REQUIRED ACTION
The required result is each line of the entries below containing the string "background".

RECORD SET
▽
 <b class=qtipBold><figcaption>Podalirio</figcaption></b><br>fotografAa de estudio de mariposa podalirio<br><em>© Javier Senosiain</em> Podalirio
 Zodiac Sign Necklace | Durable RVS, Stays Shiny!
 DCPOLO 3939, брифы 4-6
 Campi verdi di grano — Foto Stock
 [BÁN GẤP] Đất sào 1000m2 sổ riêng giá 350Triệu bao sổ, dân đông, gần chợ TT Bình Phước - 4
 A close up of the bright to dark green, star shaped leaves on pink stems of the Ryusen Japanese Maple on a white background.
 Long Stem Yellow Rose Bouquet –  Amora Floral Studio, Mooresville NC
△
▽
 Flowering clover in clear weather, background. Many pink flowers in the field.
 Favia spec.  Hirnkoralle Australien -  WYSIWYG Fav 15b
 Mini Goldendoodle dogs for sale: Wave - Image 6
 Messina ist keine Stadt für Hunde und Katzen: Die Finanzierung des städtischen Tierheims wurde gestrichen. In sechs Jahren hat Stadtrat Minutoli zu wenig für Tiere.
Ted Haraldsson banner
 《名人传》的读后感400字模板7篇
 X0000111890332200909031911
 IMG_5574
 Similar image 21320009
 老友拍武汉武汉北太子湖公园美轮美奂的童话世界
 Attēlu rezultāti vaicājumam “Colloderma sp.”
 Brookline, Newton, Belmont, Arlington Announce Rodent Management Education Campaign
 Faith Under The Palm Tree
△
ANSWER AREA
 A close up of the bright to dark green, star shaped leaves on pink stems of the Ryusen Japanese Maple on a white background.
 Flowering clover in clear weather, background. Many pink flowers in the field.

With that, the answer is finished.